When Dr. Higgins attempts to improve Eliza Doolittle’s speech in My Fair Lady, he starts with the basics: practicing speaking with marbles in her mouth, repeating basic sounds and words, the most famous being “the rain in Spain is mainly in the plain”. The parallels with an organization seeking to improve its processes are similar in that the basics must be mastered first before one can be the belle of the embassy ball.

What are some of the basics that an organization can put into place while attempting to improve? Some choices are:

Strategy: Easily the most neglected area of organizations worldwide and IT organizations in particular, certain basic techniques of Strategy should be implemented. While full blown strategy methodologies might be a bit much for the beginning effort towards improvement, fundamental techniques of demand analysis, financial management and portfolio management should be implemented.

Customer Point of Contact for Negotiation: While organizations do have this in place in some fashion, it is rarely enacted formally enough to bring its true value and benefits to the table. ITIL’s Service Level Management process is a well defined methodology for achieving this objective. The ability to not merely interact and form a point of contact with the customer but to build a relationship and understand their needs allows for superior alignment of IT with customer’s requirements. This effort returns rich rewards and is definitely much value for money.

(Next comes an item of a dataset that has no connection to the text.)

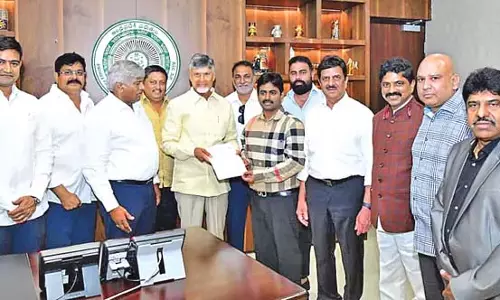 Andhra: चंद्रबाबू नायडू को टाना महासभा में आमंत्रित किया गया Andhra: चंद्रबाबू नायडू को टाना महासभा में आमंत्रित किया गया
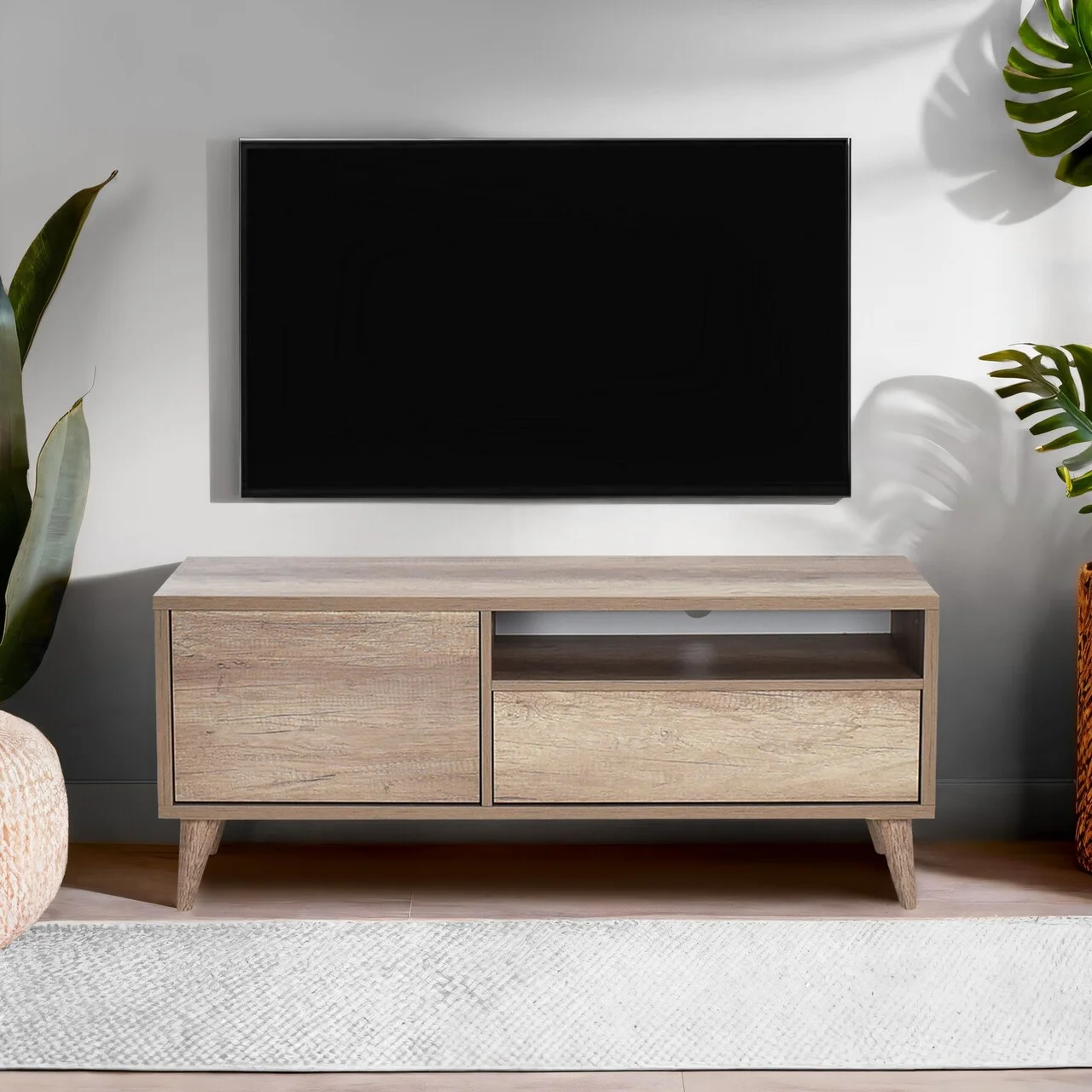 Comoda TV, Hanah Home, Tvr-311-Tt-1, 120x50x40 cm, Nuc deschis Comoda TV, Hanah Home, Tvr-311-Tt-1, 120x50x40 cm, Nuc deschis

Change & Configuration Management: Again implemented by most organizations but not adequately. A good first step for organizations committed to improvement would be to evaluate what they have in place and tighten up and further align with what users require. At an organization that I consulted for in the past, they had a home grown Change/Configuration management tool that had fields and options that users did not need or use and did not have needed fields and options. Clearly they could have benefitted immensely with a properly thought out tool that fitted with their needs better.

Service Desk, Incident and Problem Management: Another set of those processes that most organizations do have in place but could desperately use an overhaul and update of. Common service desk shortcomings are lack of current information made available to service desk personnel, increasing call volumes and increasing and more complex changes to the service. Incident and Problem management also suffer from lack of communication from change and configuration management typically.

Continuous improvement: While there may not exist an organizational maturity to reach six sigma levels at the present, certain basic improvement techniques can certainly be implemented. A basic technique of Root Cause Analysis and resolution to prevent similar mishaps occurring in the future is easy and requires minimal investment. Therefore, there is no reason to not implement a RCA system of continuous improvement, no matter how limited resources are available in the organization.

It is often argued that times are too challenging or resources not available to implement process improvements by those not enthusiastic about improvements. However, there are small and simple steps that can be carried out that yield rich returns for the effort expended. It is possible to get started without a great deal of investment and disruption. With the improvement and stability gained with these initial steps, further and more complex process improvement endeavors can then be undertaken. Even if an organization is dedicated to a large scale process improvement effort, the basics must first be completed successfully. Remember, the rain in Spain is mainly in the plain.